What is expected
An exact copy is required of every line from the one with "The primary bedroom" through the end of the data below, and the pictures must stay out of it.

Data extract
=== Begin Enclosure ===

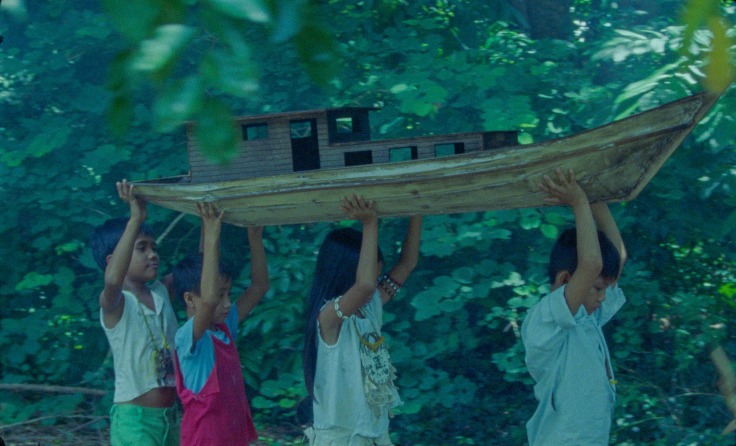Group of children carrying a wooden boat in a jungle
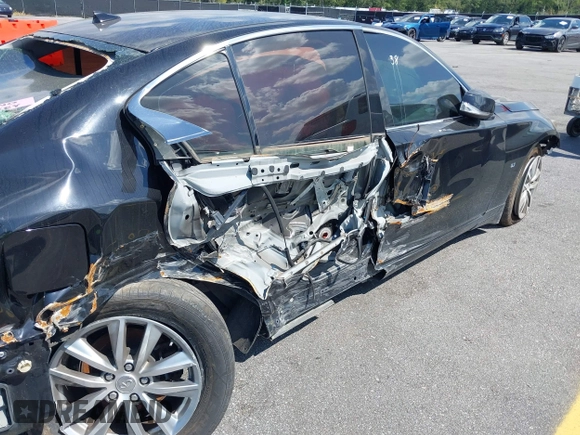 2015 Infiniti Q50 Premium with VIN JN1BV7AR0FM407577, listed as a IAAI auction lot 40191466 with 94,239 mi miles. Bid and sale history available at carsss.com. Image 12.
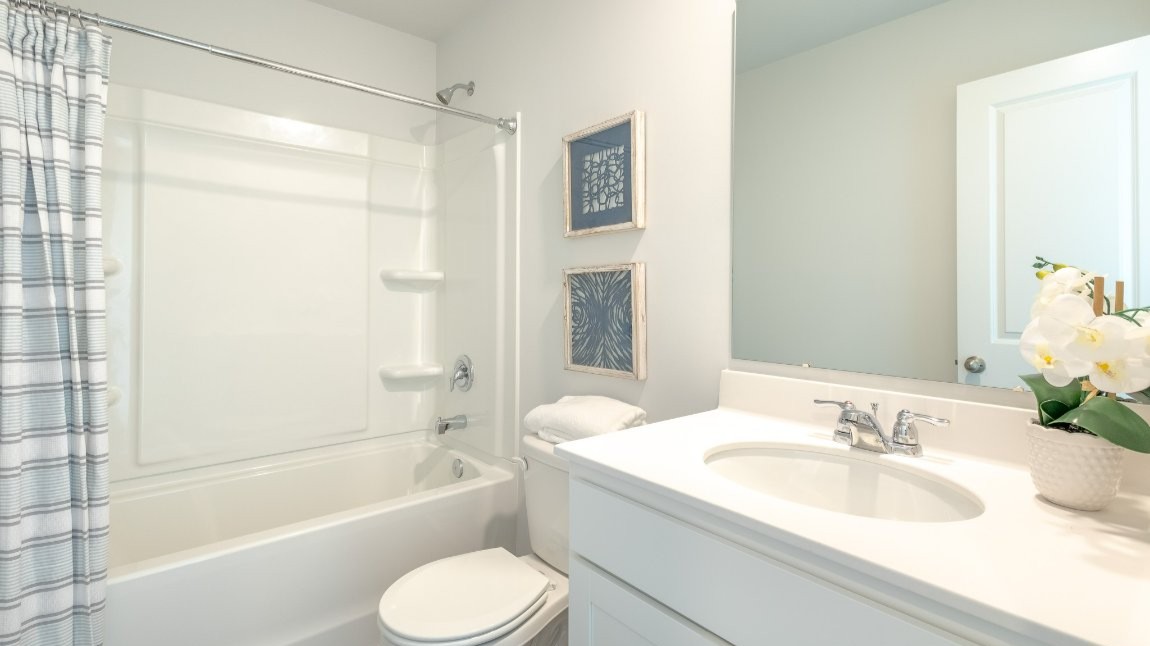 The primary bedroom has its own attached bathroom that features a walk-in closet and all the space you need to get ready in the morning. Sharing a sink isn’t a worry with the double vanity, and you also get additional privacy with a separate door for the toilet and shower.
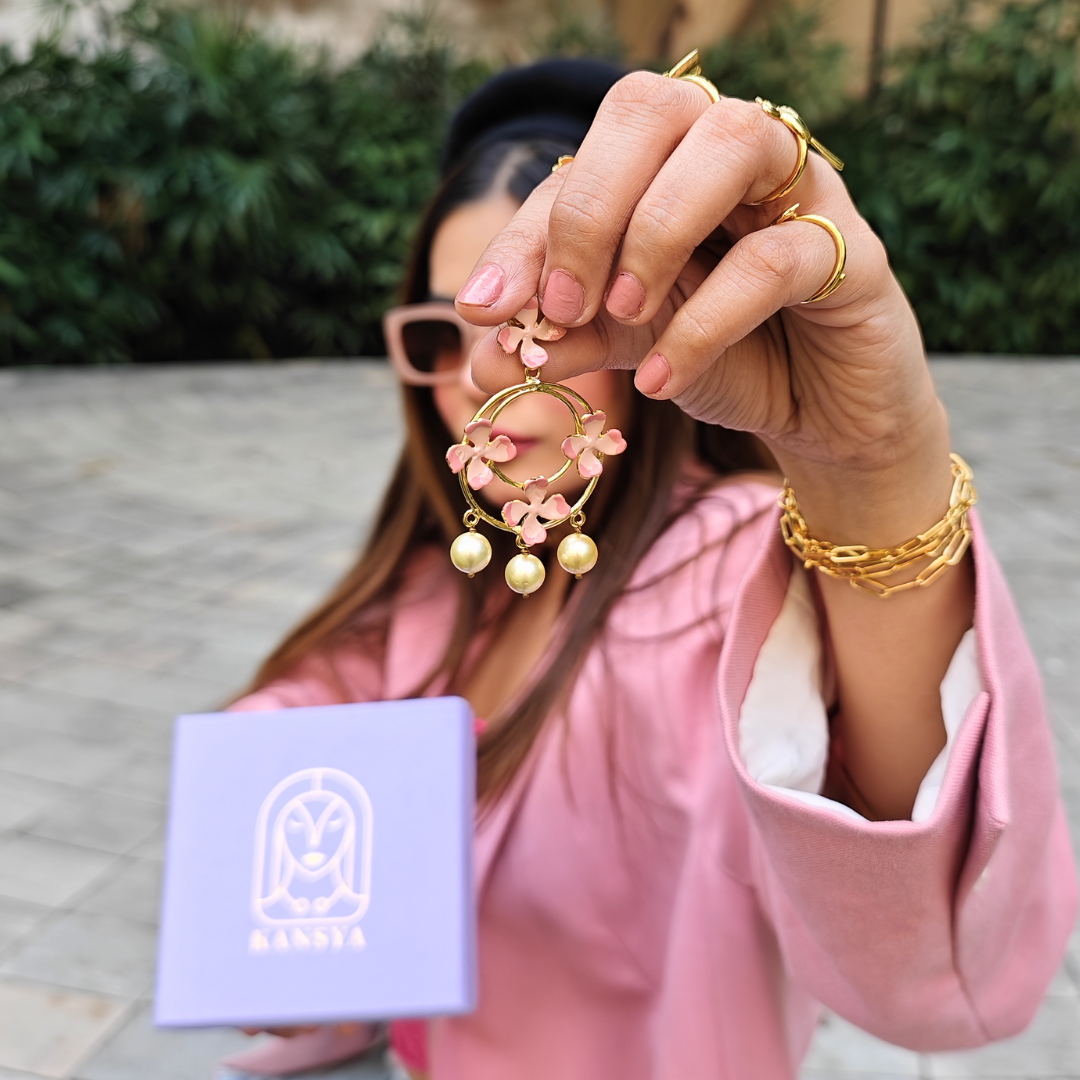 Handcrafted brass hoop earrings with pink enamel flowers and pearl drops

=== End Enclosure ===

Exercise response
 The primary bedroom has its own attached bathroom that features a walk-in closet and all the space you need to get ready in the morning. Sharing a sink isn’t a worry with the double vanity, and you also get additional privacy with a separate door for the toilet and shower.
 Handcrafted brass hoop earrings with pink enamel flowers and pearl drops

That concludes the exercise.